(Dataset excerpts)
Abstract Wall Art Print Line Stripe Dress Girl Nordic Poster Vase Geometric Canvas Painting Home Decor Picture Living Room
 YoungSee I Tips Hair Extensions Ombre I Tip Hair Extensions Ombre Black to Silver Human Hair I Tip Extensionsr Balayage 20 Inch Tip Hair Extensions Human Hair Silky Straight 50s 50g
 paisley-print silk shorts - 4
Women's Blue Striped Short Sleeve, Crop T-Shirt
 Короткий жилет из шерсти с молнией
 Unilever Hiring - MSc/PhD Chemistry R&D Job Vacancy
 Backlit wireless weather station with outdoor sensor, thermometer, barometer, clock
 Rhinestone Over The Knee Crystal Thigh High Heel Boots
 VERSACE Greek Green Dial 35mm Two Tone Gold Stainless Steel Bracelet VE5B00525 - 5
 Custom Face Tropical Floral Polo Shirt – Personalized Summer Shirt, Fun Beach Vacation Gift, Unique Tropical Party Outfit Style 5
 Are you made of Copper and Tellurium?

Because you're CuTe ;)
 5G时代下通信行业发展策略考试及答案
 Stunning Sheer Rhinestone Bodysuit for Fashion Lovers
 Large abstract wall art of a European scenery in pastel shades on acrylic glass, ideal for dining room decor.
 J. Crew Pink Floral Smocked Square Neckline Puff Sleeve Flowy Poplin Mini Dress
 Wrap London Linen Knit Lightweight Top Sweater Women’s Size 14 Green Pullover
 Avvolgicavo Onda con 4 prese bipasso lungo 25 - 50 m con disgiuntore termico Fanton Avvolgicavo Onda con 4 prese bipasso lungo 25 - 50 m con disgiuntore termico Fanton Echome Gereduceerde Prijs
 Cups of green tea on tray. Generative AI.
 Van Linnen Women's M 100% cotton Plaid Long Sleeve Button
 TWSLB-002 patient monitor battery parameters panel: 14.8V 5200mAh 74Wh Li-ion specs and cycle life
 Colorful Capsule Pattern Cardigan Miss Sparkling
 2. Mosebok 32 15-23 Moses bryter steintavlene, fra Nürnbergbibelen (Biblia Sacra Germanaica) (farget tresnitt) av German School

• _Task prompt_
Please reproduce, exactly as written, the lines of the records from the first line through the one containing "5G时代下通信行业发展策略考试及答案".

• _Task response_
Abstract Wall Art Print Line Stripe Dress Girl Nordic Poster Vase Geometric Canvas Painting Home Decor Picture Living Room
 YoungSee I Tips Hair Extensions Ombre I Tip Hair Extensions Ombre Black to Silver Human Hair I Tip Extensionsr Balayage 20 Inch Tip Hair Extensions Human Hair Silky Straight 50s 50g
 paisley-print silk shorts - 4
Women's Blue Striped Short Sleeve, Crop T-Shirt
 Короткий жилет из шерсти с молнией
 Unilever Hiring - MSc/PhD Chemistry R&D Job Vacancy
 Backlit wireless weather station with outdoor sensor, thermometer, barometer, clock
 Rhinestone Over The Knee Crystal Thigh High Heel Boots
 VERSACE Greek Green Dial 35mm Two Tone Gold Stainless Steel Bracelet VE5B00525 - 5
 Custom Face Tropical Floral Polo Shirt – Personalized Summer Shirt, Fun Beach Vacation Gift, Unique Tropical Party Outfit Style 5
 Are you made of Copper and Tellurium?

Because you're CuTe ;)
 5G时代下通信行业发展策略考试及答案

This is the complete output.